Hi Guys= My new web site is now ready for viewing. Flash intro page and banners are finished. Thanks Andrew for all your hard work. So please sit back pull up a comfortable coffin, grab the beverage of your choice and please enjoy Nightshadesnightmare.com. 

Happy Haunting.....


http://www.nightshadesnightmare.com/


----------



## Dr Morbius (Jan 12, 2006)

Very nice! I'm still working on mine, as it is flash too. CLick on my banner to see it! I love flash sites, and yours is really cool.


----------



## Mr Unpleasant (Feb 25, 2005)

Excellent job Nightshade! I really like it, it's creepy yet easy to navigate.
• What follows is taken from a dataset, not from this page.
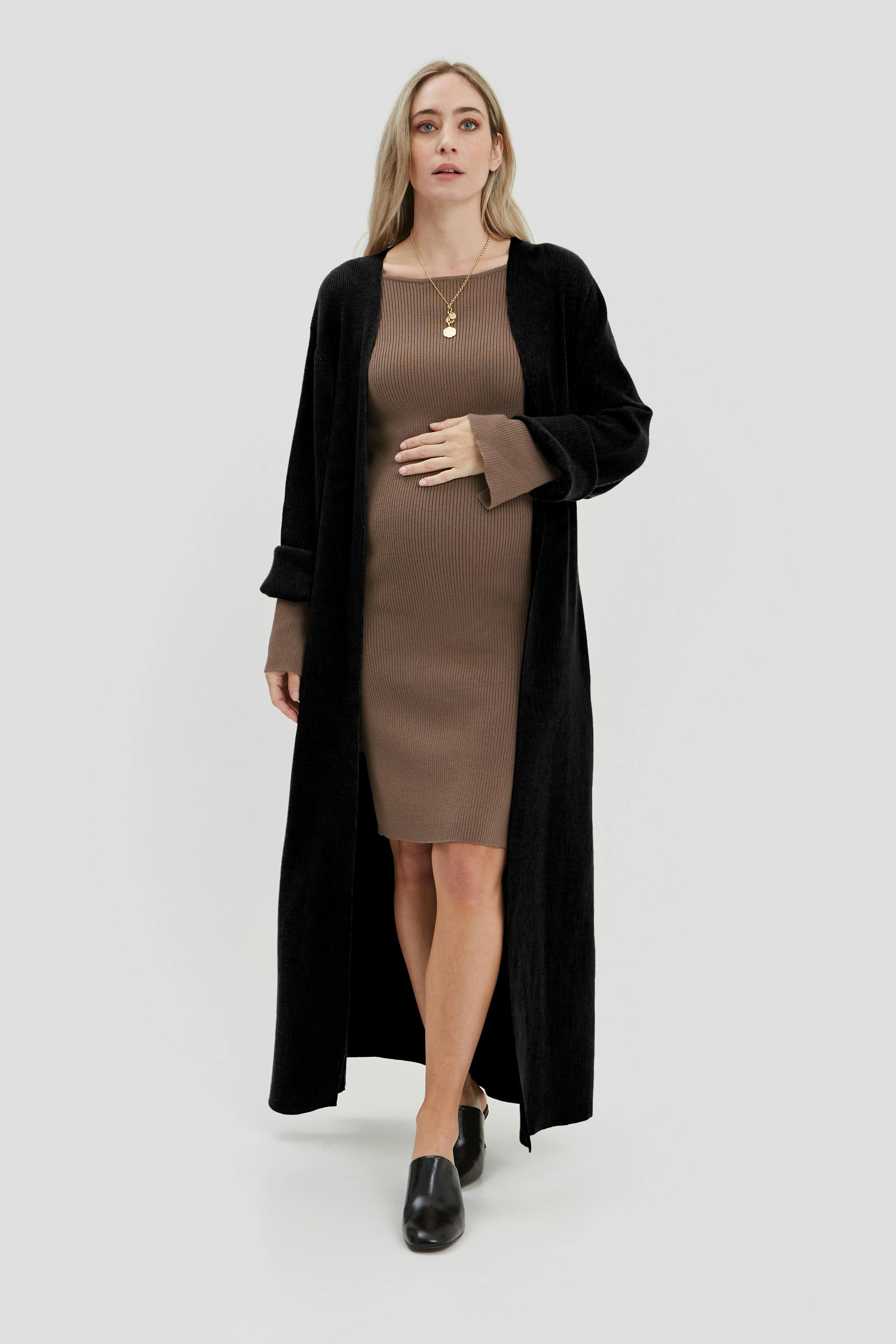 Emaline Full-Length Cardigan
Those without a flash player will certainly be deprived of that cool montage of pics on your opening page(my favorite part). All in all, great work as usual.... but I was already a fan.


----------



## Empress Nightshade (Jul 6, 2004)

I'm with you on that one, Mr. U! I was already a fan and HUGE admirer. 
Your page is awesome, My Dear. I'm so glad that you now have a site that shows off your talent. I think a lot of people have no idea what you can do and this is giving them the opportunity to see.

VERY NICE!


----------



## Jack Reaper (Nov 19, 2003)

Beautiful!!!
How ya gonna top that?


----------



## ironmaiden (Aug 5, 2003)

Bravo!!!!

Really enjoyed your site! I can appreciate the time and work that went into it as well. Thats some good stuff.

ironmaiden


----------



## Nightshade (Jul 18, 2004)

Thank You guys for all the kind comments. I'm happy the site was easy to navigate, thats what I was trying for. The flash page and banner that Andrew de Ruiter did for me was great. I'm html challenged.


----------



## Halloweiner (Oct 2, 2003)

Excellent job on that website.


----------



## daveo1101 (Oct 12, 2005)

Simply awesome!


----------



## TearDrop Memories (Oct 3, 2005)

Really well done!
I especially like aunt elsbeth, looks almost neon.


----------



## TommyHawk (Feb 14, 2005)

Very very well done! Kudos. Your page is very easy to use, I love that the pictures can be giant-sized, and you props are terrific!
Woo hoo!


----------



## Nightshade (Jul 18, 2004)

Hey davo, Great job on your Groundbreaker.


----------



## pumpkinman (Apr 18, 2006)

Sweet Sweet Sweet... 
My Favorite was the Crypt Keeper Organists... AWESOME!


----------



## Nightshade (Jul 18, 2004)

*Thanks pumpkinman*

Thanks for the compliment Pumkinman. I'm thinking of resurrecting the organist this year with a few twists. I love your pumpkins and scarecrow display and Lizzy looks very formitable. Bring on the critters!


----------